Open Banking is a simple idea — it allows anyone to securely share their data in order to access the most suitable products for them. The data is a record of your financial life, and it’s your property as much as the banks' property. So, we think the benefits that flow from it should be shared.

"Open Banking is a simple idea, but what we can do with and learn from it is extraordinary".

Open Banking is a simple idea, but what we can do with and learn from it is extraordinary. From building new services and transforming how millions of people manage their money to helping unlock and understand our economic lives.

It’s unsurprising, therefore, that British businesses and households are choosing the transparency and convenience that Open Banking offers in incredible numbers. 7 million companies and consumers in the UK already use it, and last year alone, we witnessed the doubling of total Open Banking payments, with over 11.4 million payments in July 2023.

At Render, we use Open Banking to make lending safer and more affordable. Other companies use it to provide budgeting tools, prevent fraud and enable cheaper, faster third-party payments. And new applications are emerging all the time.

Last year, we set ourselves a challenge: to explore Open Banking data in even more ways. We began to pull together what we thought were interesting insights from our data. The data was always anonymised, and we looked at trends, not individuals.

We asked ourselves: What could we see in the data that people want to know; what news stories and public debates could we help inform and explain by looking at and analysing the millions of bits of data we see?

"What could we see in the data that people want to know? What news stories and public debates could we help inform?".

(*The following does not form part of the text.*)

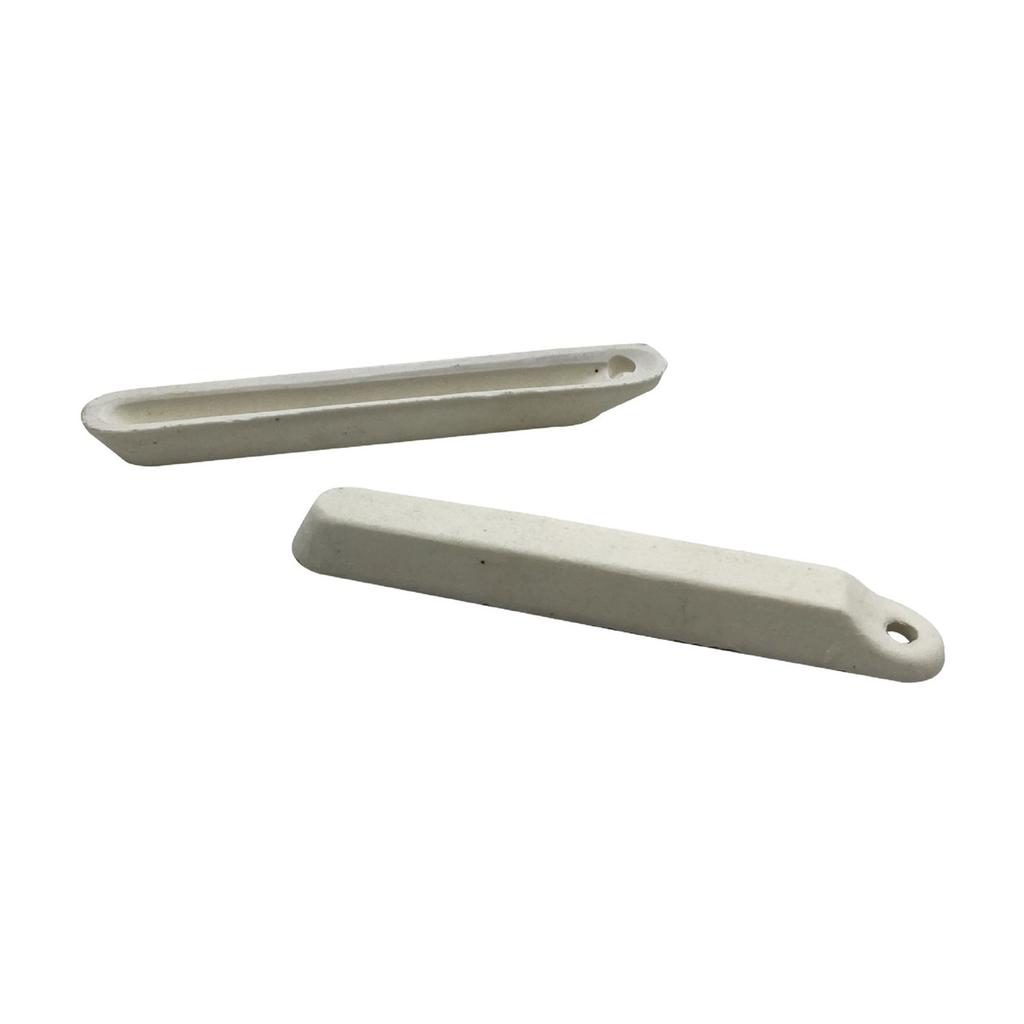 Robust kvartskigel smältbåt värmebeständig hög renhet tillbehör för smyckestillverkningsverktyg och hantverksmaterial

We looked at changing habits, from shopping to the transformation of nightlife. We also investigated how housing expenses are increasing and sought to understand how people were reacting to the cost-of-living crisis more generally. We looked at an older form of payment, cash, to try and understand its enduring resilience as well as a brand new and innovative form of finance called buy-new-pay-later, asking how the market is maturing and what benefits and risks it brings.

All our insights are based on the people who choose to use our Open Banking service, by applying for a loan via our platform with our sister company Abound (a B2C lender). The insights do not represent the entire population – no one bank’s would – but they are statistically significant because of the sample size.

We would therefore like to thank all of our customers and their commitment to game-changing financial services for making this report possible.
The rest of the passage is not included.